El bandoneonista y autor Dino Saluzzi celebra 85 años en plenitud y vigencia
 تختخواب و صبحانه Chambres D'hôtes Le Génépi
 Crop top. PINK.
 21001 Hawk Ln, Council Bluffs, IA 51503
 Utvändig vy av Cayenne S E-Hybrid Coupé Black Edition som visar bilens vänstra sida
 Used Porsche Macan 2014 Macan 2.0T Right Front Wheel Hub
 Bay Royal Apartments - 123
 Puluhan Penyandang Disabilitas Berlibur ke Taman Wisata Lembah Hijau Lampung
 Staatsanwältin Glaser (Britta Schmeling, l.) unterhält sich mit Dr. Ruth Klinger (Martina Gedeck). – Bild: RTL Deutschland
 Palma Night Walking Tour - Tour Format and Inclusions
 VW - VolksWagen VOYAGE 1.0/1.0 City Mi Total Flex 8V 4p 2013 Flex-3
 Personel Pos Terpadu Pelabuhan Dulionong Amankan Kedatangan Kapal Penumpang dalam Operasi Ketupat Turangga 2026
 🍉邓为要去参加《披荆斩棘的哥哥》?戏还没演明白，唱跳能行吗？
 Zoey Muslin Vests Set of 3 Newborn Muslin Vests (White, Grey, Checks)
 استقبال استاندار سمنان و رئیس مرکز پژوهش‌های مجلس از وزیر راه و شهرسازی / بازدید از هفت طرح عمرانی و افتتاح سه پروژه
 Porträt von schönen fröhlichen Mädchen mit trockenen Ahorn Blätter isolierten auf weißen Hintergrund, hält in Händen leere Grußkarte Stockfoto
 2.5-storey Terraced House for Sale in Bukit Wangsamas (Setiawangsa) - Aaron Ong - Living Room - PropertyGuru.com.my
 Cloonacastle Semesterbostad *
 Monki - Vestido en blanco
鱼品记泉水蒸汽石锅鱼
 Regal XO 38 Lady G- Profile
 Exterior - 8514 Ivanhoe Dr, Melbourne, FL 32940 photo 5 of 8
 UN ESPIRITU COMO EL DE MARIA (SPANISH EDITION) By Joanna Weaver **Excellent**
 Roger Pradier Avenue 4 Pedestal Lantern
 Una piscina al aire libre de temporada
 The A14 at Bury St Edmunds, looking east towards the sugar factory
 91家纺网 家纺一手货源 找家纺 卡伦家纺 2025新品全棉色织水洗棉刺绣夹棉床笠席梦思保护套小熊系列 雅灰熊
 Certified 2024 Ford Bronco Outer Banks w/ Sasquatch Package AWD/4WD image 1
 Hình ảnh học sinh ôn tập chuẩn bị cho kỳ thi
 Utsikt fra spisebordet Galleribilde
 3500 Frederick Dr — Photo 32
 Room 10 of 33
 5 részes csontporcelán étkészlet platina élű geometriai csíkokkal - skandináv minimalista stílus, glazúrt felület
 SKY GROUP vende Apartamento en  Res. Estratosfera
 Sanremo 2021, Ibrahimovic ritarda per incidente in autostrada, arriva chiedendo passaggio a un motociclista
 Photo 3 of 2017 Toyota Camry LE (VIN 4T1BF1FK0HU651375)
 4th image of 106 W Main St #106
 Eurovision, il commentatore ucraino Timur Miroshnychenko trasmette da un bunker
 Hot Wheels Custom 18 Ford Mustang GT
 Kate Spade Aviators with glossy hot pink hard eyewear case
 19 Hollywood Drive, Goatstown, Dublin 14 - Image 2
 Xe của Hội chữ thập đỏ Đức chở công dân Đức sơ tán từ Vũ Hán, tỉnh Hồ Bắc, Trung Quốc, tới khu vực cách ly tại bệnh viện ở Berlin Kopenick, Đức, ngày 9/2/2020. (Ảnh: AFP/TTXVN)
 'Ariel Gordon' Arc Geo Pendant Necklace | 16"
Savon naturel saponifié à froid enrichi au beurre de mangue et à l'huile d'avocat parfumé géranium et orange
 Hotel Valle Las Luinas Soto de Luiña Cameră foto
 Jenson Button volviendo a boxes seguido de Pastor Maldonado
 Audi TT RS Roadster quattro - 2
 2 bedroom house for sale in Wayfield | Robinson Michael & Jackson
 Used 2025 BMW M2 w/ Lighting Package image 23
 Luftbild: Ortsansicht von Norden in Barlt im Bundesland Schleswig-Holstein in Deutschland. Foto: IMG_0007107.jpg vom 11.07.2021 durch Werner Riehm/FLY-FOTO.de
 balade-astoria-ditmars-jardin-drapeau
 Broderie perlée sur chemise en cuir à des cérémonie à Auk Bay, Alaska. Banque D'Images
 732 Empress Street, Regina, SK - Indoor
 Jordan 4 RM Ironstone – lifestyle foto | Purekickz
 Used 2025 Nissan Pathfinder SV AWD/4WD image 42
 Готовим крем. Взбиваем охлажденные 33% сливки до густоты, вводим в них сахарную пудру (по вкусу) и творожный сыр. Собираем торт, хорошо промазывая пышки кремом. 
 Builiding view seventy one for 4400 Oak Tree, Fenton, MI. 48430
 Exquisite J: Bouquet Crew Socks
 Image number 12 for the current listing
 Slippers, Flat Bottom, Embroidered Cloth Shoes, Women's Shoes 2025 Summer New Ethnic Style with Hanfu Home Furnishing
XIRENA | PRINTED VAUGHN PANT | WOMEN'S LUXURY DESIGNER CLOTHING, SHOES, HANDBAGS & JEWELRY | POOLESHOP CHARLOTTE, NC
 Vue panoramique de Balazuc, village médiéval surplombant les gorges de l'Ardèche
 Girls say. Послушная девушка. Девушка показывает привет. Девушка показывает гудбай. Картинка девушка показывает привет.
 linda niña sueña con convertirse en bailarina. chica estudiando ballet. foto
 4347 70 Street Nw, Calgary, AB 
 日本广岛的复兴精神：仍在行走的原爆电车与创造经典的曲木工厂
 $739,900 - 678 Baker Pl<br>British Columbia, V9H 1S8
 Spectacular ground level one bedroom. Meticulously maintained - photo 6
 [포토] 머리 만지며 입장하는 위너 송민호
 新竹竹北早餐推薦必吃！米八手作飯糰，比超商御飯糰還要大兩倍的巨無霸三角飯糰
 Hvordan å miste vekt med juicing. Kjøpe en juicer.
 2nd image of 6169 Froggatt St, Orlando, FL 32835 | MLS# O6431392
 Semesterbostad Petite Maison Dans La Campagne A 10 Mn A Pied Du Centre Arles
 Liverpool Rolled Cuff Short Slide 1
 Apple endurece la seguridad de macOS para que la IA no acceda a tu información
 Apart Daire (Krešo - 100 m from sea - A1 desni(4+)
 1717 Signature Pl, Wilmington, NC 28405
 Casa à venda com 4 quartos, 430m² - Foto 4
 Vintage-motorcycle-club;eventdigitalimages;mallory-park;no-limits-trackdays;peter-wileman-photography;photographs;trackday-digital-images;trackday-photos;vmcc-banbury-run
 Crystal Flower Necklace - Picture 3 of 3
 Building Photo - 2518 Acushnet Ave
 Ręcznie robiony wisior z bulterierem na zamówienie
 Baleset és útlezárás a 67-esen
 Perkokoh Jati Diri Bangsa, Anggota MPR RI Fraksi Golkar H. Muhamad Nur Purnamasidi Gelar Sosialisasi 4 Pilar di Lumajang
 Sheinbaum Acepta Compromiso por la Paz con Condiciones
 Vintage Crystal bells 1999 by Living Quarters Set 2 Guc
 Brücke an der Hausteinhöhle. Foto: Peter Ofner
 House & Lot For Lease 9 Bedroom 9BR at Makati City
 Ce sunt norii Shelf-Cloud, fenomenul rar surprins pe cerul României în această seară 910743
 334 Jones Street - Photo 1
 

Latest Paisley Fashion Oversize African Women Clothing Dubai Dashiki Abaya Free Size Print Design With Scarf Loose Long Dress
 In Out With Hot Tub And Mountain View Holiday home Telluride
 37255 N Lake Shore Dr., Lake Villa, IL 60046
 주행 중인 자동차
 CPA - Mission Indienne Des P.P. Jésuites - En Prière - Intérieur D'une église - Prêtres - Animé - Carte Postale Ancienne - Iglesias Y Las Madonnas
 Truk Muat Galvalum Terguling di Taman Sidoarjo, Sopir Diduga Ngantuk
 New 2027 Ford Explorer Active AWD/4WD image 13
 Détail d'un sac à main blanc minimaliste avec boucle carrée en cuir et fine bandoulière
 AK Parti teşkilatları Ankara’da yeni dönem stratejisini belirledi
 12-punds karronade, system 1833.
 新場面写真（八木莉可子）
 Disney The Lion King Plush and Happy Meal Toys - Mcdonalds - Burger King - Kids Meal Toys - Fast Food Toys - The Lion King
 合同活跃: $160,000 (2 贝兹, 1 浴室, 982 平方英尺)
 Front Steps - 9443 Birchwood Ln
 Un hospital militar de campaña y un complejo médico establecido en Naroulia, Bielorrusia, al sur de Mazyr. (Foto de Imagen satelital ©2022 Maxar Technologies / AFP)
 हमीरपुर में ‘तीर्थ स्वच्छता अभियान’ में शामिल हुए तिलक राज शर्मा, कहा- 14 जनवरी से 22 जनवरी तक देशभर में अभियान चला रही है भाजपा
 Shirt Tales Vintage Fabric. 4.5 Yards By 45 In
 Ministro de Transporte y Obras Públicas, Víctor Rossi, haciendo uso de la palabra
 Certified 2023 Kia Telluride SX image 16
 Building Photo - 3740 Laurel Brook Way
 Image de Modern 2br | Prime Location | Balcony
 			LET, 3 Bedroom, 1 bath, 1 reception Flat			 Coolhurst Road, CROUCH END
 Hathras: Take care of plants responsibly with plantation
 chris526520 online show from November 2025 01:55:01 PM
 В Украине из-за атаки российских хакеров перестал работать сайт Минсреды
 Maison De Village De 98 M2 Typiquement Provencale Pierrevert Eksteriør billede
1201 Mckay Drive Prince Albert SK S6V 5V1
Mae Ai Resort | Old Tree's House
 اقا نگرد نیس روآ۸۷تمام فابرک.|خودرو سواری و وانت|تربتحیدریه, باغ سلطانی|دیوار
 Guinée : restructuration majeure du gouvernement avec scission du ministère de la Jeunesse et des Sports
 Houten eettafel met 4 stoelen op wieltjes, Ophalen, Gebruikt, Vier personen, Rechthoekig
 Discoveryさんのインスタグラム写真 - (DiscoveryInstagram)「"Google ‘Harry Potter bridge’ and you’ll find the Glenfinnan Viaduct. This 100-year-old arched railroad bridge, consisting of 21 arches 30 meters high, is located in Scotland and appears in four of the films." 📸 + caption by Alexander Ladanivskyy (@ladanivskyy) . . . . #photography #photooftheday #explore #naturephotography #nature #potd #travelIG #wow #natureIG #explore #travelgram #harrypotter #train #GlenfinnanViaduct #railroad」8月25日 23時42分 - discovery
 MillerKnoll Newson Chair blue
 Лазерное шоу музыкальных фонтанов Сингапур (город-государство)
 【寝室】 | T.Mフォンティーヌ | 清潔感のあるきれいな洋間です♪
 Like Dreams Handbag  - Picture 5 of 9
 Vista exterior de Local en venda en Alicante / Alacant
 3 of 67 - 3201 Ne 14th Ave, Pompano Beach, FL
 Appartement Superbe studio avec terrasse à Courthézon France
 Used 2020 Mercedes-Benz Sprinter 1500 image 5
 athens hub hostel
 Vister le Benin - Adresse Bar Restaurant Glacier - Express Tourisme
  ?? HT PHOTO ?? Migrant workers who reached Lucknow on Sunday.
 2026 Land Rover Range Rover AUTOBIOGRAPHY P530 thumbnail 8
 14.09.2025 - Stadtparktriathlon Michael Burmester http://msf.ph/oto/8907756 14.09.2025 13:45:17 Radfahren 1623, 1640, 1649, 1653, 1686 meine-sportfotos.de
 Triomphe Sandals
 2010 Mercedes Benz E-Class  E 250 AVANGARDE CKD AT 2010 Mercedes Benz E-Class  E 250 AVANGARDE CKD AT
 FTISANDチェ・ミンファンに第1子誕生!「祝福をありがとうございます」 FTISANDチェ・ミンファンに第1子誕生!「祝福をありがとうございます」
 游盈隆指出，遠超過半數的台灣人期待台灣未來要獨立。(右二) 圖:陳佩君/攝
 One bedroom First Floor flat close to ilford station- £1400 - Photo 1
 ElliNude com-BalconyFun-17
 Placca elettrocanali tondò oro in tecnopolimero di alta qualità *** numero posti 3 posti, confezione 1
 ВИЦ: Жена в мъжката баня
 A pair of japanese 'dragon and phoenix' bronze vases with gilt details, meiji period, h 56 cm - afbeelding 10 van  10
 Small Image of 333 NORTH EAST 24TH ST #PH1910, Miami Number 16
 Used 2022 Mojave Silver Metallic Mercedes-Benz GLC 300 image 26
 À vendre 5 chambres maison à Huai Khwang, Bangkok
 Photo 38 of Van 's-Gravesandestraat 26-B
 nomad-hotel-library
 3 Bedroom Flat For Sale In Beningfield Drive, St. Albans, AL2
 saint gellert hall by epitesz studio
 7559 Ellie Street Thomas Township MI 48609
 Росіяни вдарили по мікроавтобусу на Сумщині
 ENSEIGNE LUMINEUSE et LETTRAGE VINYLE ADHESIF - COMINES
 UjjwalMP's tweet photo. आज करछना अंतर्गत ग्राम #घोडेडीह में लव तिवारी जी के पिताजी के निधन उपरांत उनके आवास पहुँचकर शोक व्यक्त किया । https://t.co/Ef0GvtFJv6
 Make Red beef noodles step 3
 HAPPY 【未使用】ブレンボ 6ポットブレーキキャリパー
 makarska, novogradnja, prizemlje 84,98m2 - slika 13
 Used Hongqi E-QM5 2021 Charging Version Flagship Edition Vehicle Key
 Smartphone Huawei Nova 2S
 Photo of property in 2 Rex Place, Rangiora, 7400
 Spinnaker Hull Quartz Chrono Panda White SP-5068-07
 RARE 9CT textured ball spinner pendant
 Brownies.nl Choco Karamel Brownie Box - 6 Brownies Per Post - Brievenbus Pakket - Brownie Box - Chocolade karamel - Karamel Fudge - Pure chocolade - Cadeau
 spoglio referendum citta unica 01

= = = =

* ASSIGNMENT
Write out every line from the entries where "Vintage" appears.

* OUTPUT OF THE EXERCISE
 Vintage-motorcycle-club;eventdigitalimages;mallory-park;no-limits-trackdays;peter-wileman-photography;photographs;trackday-digital-images;trackday-photos;vmcc-banbury-run
 Vintage Crystal bells 1999 by Living Quarters Set 2 Guc
 Shirt Tales Vintage Fabric. 4.5 Yards By 45 In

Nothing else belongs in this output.